Case ID: sw2d_733/html/0452-01.html
Source: Caselaw Access Project
Author: {"author": "PUDLOWSKI, Presiding Judge.", "license": "Public Domain", "url": "https://static.case.law/"}
Date Created: 2024-08-24T03:29:51.129683

Alma HACKMAN, Plaintiff-Respondent, v. Babu R. DANDAMUDI, M.D., Defendant-Appellant.
    No. 50457.
    Missouri Court of Appeals, Eastern District, Division Three.
    Nov. 12, 1986.
    Motion for Rehearing and/or Transfer Denied Dec. 16, 1986.
    Case Transferred to Supreme Court Feb. 17, 1987.
    Case Retransferred to Court of Appeals May 27, 1987.
    Original Opinion Reinstated June 1, 1987.
    
      Brent W. Baldwin, St. Louis, for defendant-appellant.
    Robert F. Ritter, St. Louis, for plaintiff-respondent.
   PUDLOWSKI, Presiding Judge.

Dr. Babu R. Dandamudi appeals from a judgment entered in the Circuit Court of the City of St. Louis following a jury trial and verdict for both actual and punitive damages against him, and his co-defendant, Professional Care Centers, a corporation doing business as Oak Park Professional Care Nursing Home, hereinafter Oak Park, and in favor of the plaintiff, Alma Hack-man on a medical malpractice claim. We affirm.

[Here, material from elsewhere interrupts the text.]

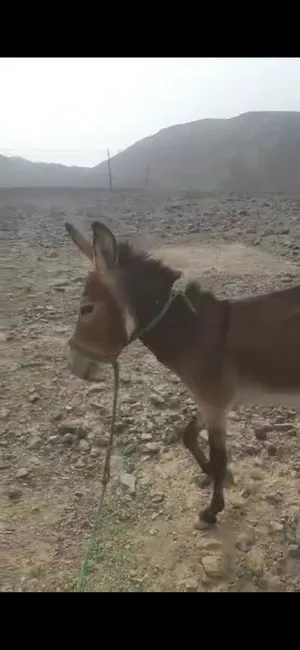 ‏حمير‏3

The action was brought by Carolyn Hackman, plaintiff’s daughter, in her legal capacity as plaintiff’s guardian and conservator. During the pendency of this appeal, plaintiff died. However, Carolyn Hack-man, now acting as the representative of plaintiff’s estate continues to defend this appeal.

The events that led to the action began in February 1983 when appellant, plaintiff’s personal physician, recommended that plaintiff be placed in a nursing home. At that time, plaintiff, who was a diabetic, was also suffering from incontinence and her behavior was often irrational. After visiting several homes and consulting with appellant, Carolyn Hackman chose Oak Park. However, between February and early June of 1983, when Carolyn left for a summer vacation in Colorado, she became increasingly concerned about the cleanliness of the home and the monitoring of her mother’s condition. Because of her concern, she wrote both the director of nursing at Oak Park and appellant on June 12, 1983 from Colorado. After receiving the letter addressed to him, appellant contacted Carolyn and reassured her that he would keep a close watch on plaintiff during the summer.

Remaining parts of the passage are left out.